Fiction logo

Hansel and Girdle

Fairy tales have a tendency to evolve

By Meredith HarmonPublished 11 months ago Updated 11 months ago 10 min read
High fashion, look out! Image made with Magic Studio.

My brother was being a rather large pain in the tuchus again.

I don’t mind him using me as his dressmaker’s model, really. He makes some really awesome stuff, and I get to look good. He’s got a bunch of like-minded friends, and they do my hair and makeup too. And then they mutter about “vision” and “aesthetic” and drag me places for photo shoots.

Do our parents mind all the fuss? Yeah, funny you would mention that...

I can count. So can my brother. We’re not sure if Dad and step-monster offed our mom for the insurance money. Let’s just say There Are Questions, and the toxicology report hasn’t come back yet. The modeling pays for our lawyer, and all our important stuff lives in some boxes in the back of his office. The court ordered us to live with oh-so loving Daddy, but we like the woods better. Less toxic atmosphere, and that’s saying a lot.

Dad’s been trying to get our trust funds, but the lawyer stepped in. Unless we die, he can’t touch the funds.

So my brother sleeps over at his best friend’s house, and of course I tag along. Who wants to give those monsters a chance to wipe us out, too?

Our lawyer installed a tracker on our phones when Mom filed for divorce, after she caught them in bed together. The cottage belongs to me and my brother. It was Mom’s before marriage, and couldn’t be claimed by Dad because previous assets. He was rather pissed when this all came out, and demanded to live there with step-monster to “properly” take care of us.

He tried to keep us from seeing Granny, but that didn’t fly either. She lives in the woods out back; it’s all part of Mom’s family’s land from way back. So we go to visit, show her the outfits, she shakes her head over all the “frippery” as she still calls it, but can’t deny the cash in our bank accounts. Which Darling Daddy and step-monster can’t touch. Because they don’t know about it.

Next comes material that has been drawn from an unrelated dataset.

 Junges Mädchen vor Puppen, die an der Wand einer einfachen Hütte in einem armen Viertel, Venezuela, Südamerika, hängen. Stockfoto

If they did, I wouldn’t give a ship’s peanut for our chances. Especially since she spawned a kid now.

Granny may not understand us, but she still likes to spoil us. She makes this amazing gingerbread recipe from the Old Country. Springerle cookies, she’s got these butter-mold-looking press things, and they are the lightest, tastiest things you just can’t imagine. She seems to have this endless jar of them on the table, and we scarf them by the handfuls. Granny just smiles and urges us to take more. And we don’t seem to gain any pounds for the gobs of the stuff we eat, which is weird, but Granny loves to feed us. Sure, we get lovely sandwiches and fresh mint tea out of her garden, but it’s the cookies that make it so special.

She makes jokes about being the witch in the woods from the fairy tale because of her house. It does look like it’s made from gingerbread! She took a trip to Cape May, New Jersey, as a little girl, and saw their gingerbread houses. Painted Ladies, they call them. And Grandpa was indulgent when building the house, and combined the real painted and carved look with the fantasy look from the fairy tale. Did I mention Grandpa was very into Christmas? Kinda looked a bit like Santa too, it was a bit disconcerting. Went all out for the holiday, decorating and presents galore. We loved coming here, spending the holiday with our loving family.

And the cookies. Except Dad. He’d never eat them. And Granny never offered, either. We’d shrug – more for the rest of us!

Mom, I think, was a little too love-struck with the fairy tale, so of course she named us after the kids. She didn’t think it through, of course, the implications of the surrounding story. Luckily Granny isn’t cannibalistic, unless you count the strange lifelike shapes of the springerle cookies.

Granny would sit in her sturdy rocker in the corner of the kitchen, knitting, smiling, content, while we plotted our takeover of the fashion industry. She loved having her family and chosen specials gathered around that table.

This time, though, she frowned a little when they were trying to fit their latest creation to my waist, and it wasn’t setting right.

She set her knitting neatly to the side. “Boys, would it help if Margrette were wearing a girdle? That would help with smoothing the fabric over the waistline, and get rid of that bunching that’s messing up your drape.”

We all stopped, blinked. Stared at her. She smiled. “I was young, once. Eons ago. I remember high fashion, even wore some, once, to a Royal ball. I had the most lovely slippers… Anyway, girdle. More basic than a corset, better than spandex for shaping. Here, come with me, let’s let the boys take a cookie break while you and I do some foundational work.” And off she hopped to her bedroom, crooking her hand to have me follow along.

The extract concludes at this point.